▸ **INFORMATION PROVIDED**:

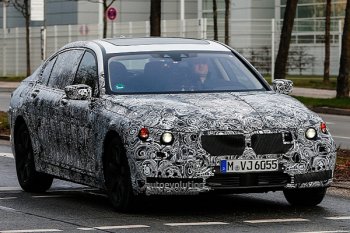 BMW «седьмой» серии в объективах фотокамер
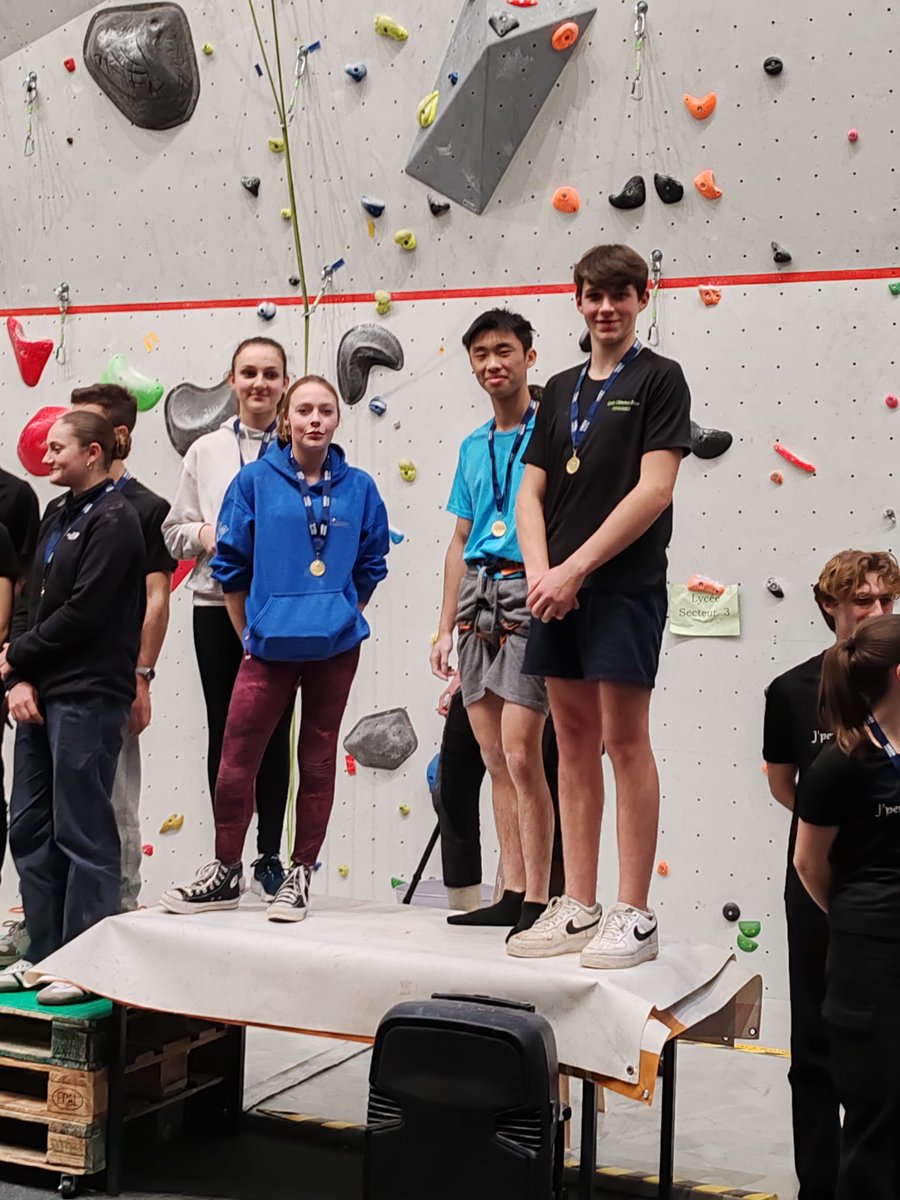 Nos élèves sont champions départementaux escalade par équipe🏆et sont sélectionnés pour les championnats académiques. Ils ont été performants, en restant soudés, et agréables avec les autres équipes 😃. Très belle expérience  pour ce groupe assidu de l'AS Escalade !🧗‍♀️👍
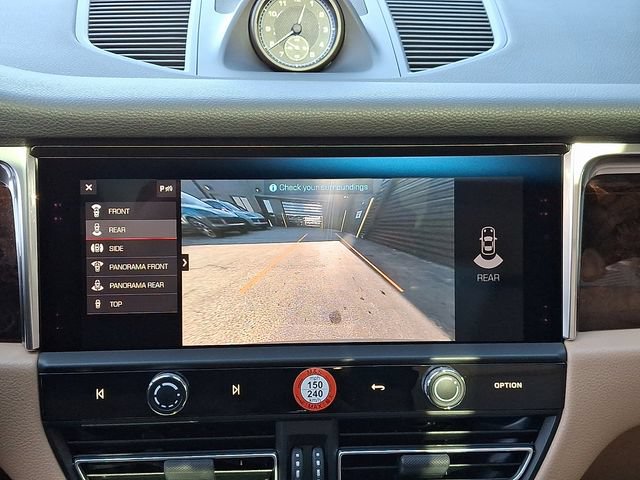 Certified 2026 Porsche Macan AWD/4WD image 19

▸ **PROBLEM TO WORK ON**:
Lines from the one holding "Nos élèves sont" to the end of the data, both ends included, are to be given again exactly; no pictures belong in the copy.

▸ **YOUR RESPONSE**:
 Nos élèves sont champions départementaux escalade par équipe🏆et sont sélectionnés pour les championnats académiques. Ils ont été performants, en restant soudés, et agréables avec les autres équipes 😃. Très belle expérience  pour ce groupe assidu de l'AS Escalade !🧗‍♀️👍
 Certified 2026 Porsche Macan AWD/4WD image 19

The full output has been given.